New Bail Act ‘boosts confidence in justice’, says Abraham


Changes to the law governing bail are aimed at restoring confidence in the judicial system, lawyer and Minister of Parliament Wilfred Abrahams said in the House today.

Things had reached the point where the average Barbadian, especially the criminal element, no longer respected the law courts, Abrahams said during debate on amendments to the Bail Act.

“The public is lambasting the justice system. They shifted off the police, they giving them a little break now but they are lambasting the judges. It cannot be that someone accused of not one murder but two can be granted bail.

“If that person gets out what does the public then think of the judicial system especially when the person commits another offence. The judicial system appears to be a farce and powerless. Our justice system should never be perceived as powerless.”

“There is no respect for the police and there is no respect for the court system. You cannot respect a system that allows them to perpetuate this misguided belief that the judicial system and the police force is a mere convenience . . . A blip after which they will regain their freedom.”

Throwing his “full support” behind the Bill, the lawyer said the backlog and archaic laws in the judicial system only serve to undermine the good work the police officers are doing.
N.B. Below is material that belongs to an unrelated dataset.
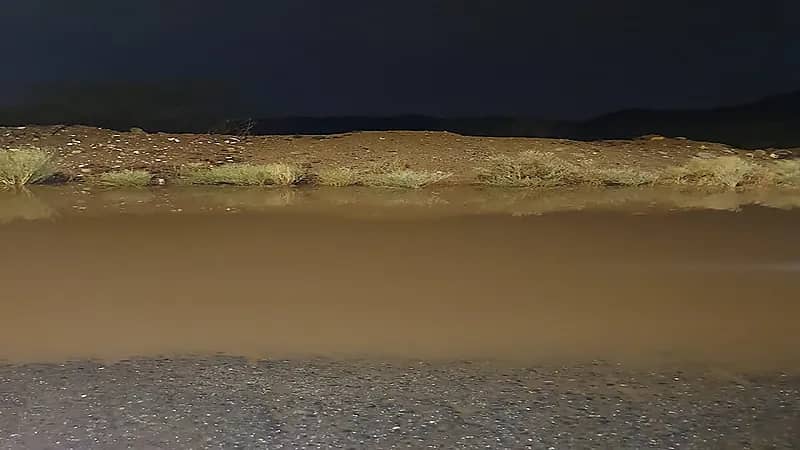 شاهد.. هطول أمطار غزيرة في مكة المكرمة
“Based on what is happening now they [changes] are absolutely necessary. The police are doing what they can. It must be demoralising to the police force when they swiftly apprehend a suspect in a serious case and the officers slave and do their investigation and put a case together . . . that because of problems with the judicial system, over which they have no control, that people whose propensity is to violence are back out on the streets with not a care in the world.”

The Christ Church East MP pointed out that judges, too, may feel hemmed in given the constraints of the previous law.
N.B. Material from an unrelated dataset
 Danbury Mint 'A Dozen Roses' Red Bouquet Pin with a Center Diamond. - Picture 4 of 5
He told fellow lawmakers: “The judges may feel themselves fettered and having to protect the rights of the individual
. . . where the constitution speaks to the right to a trial in a fair time. To remove all doubt to preserve the integrity of the justice system and to protect Barbados and Barbadians, where your crime is so horrific, you are not eligible for bail within the first 24 months.

“The people of Barbados are fed up. The police is fed up. The Government is fed up and we are prepared to do what it takes to get this situation under control.”

The MP cited a recent incident where a vehicle backfired, startling onlookers within ear shot of the incident who believed it to be gunfire.

He said: “The public of Barbados is so frightened that they are paralysed by fear people are confused they don’t even know what to do when confronted with a situation . . . . Once upon a time you hear a bang you thought it was a car back firing or a motorcycle. Everybody felt it was a gun shot. It is well past time for us to do what needs to be done to take our country back.”

Abrahams also commended the Attorney General and the Prime Minister for allowing all parliamentarians in both the upper and lower house, inclusive of opposition and independent senators, to be a part of the bill’s changes. A special meeting was convened last Thursday to deal specifically with the Bail Act.